Elasticsearch documentation covers distributed search very well. Following is the summary:
- Distributed search is executed in two phases: Query and Fetch phase
- Query phase
- The coordinating node sends the search request to all the shards.
- Each shard executes the search and sends back list of document IDs and the sort values back to the coordinating node.
- For example, get documents where file.folder = 'c:\windows' sorted by file.name
- In above case, say, shard 1 matches three documents with file names as notepad.exe, textpad.exe, wordpad.exe. So the return values would be
- DocID: some_doc_id_1, Sort values: [notepad.exe]
- DocID: some_doc_id_2, Sort values: [textpad.exe]
- DocID: some_doc_id_3, Sort values: [wordpad.exe]
- All shards returns similar data back to the coordinating node.
- The coordinating node now has list of fields on which sorting needs to be done and also the actual values for these fields per document.
- This node then merges all the results into a single list.
- The list is sorted using the sort values returned by each shard for each document.
- The final list is prepared by applying pagination (from & size) parameters.
- Fetch phase
- Once the final list is prepared the coordinating node then sends the request to get the required documents from each shard using the document IDs i.e. send a multi-get request.
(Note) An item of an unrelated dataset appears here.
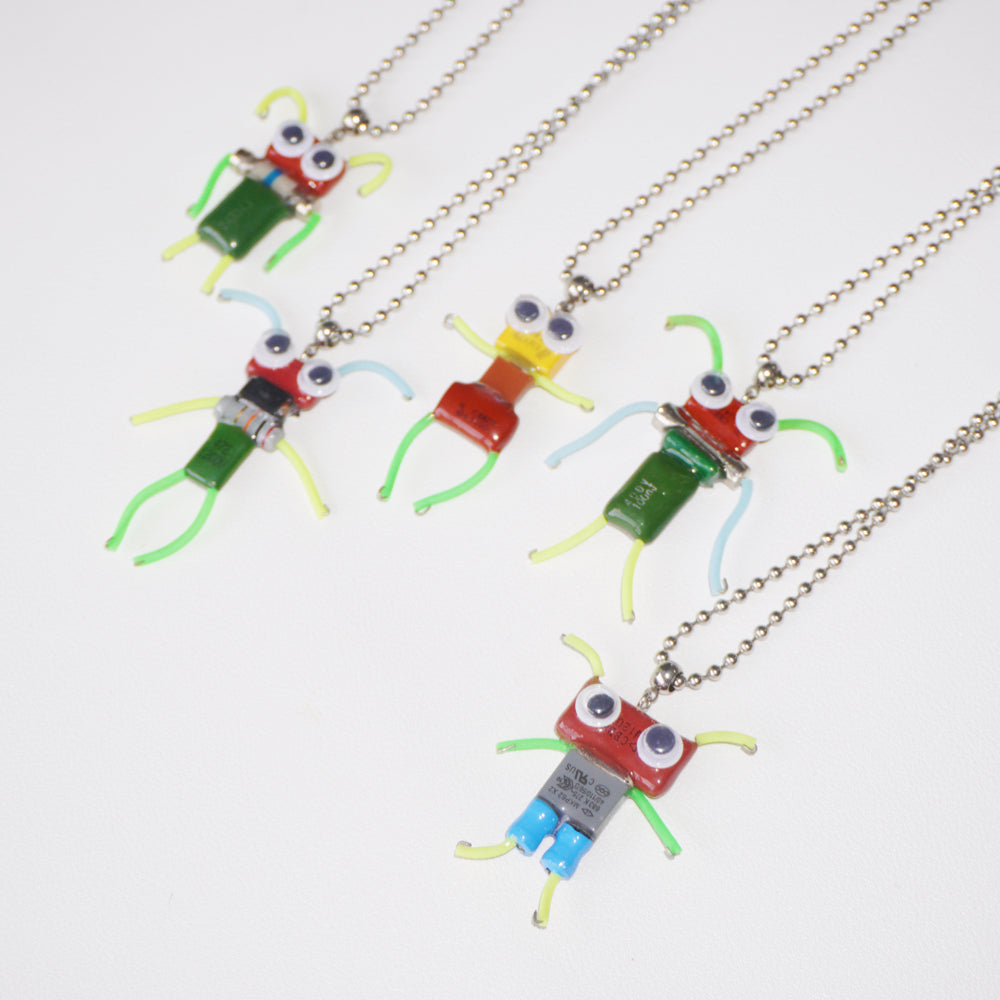 DZ010 Discarded electronic figurines with long necklaces Each one is unique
Remove duplicate documents in distributed search
As seen above if we need to filter out the duplicate documents for distributed search then we need to hook into the QUERY phase. Once the document IDs & sort values are retrieved for all the shards then we need to remove duplicate documents here. The steps to achieve this are as follows:
- Apart from document Ids & sort values we also need the values for primary keys identifying the document as unique in the result set.
- Once we have above information then we can remove duplicate documents using the primary keys.
Passing back the primary key values in query phase
In QUERY phase for a document only its ID and sort values are passed back. The _source value is not passed. So only option to pass back the primary key values is using the sort values. For this we can use custom script for sorting. This custom script will be similar to the custom filter mentioned in previous post.
- The script will take primary key field names as parameter.
- The script will form a key by concatenating the values of primary key fields.
- In the search request we will add this script based sort criteria at the end of existing sort fields, if any.
- This way, for each document, we will get the key value during the QUERY phase itself on the coordinating node.
Removing duplicate documents
Now, we need to hook into the QUERY phase using plugin approach. Thanks to the reference plugin implementation here. By looking at this sample plugin I was able to deduce that the final sorting of docs from all shards happens in org.elasticsearch.search.controller.SearchPhaseController's sortDocs() method. This class is used deep inside and there is no direct way to hook into it. So I had to follow the same approach as in the reference plugin implementation i.e. to implement a custom action. In the plugin, the required classes and methods were extended\overridden. Finally, the class extending SearchPhaseController overrides the sortDocs() method. In this we remove the duplicate documents from across the shards and then call the original sortDocs() method.
You can start with the junit tests.
- This approach extends the ES classes and methods which may change in future.
- One major limitation is that the totalHits returned by the search request will not be accurate when pagination is used. This is because each shard will return the totalHits as the total documents matching the filter but actual documents returned can be less if pagination is used e.g. if total matches could be 100 but pagination criteria could be to return only 10 results. In this case the totalHits will be 100. Now, we do not know the remaining 90 documents are duplicate or not. But this should not be an issue if we can use the totalHits as an approximate count.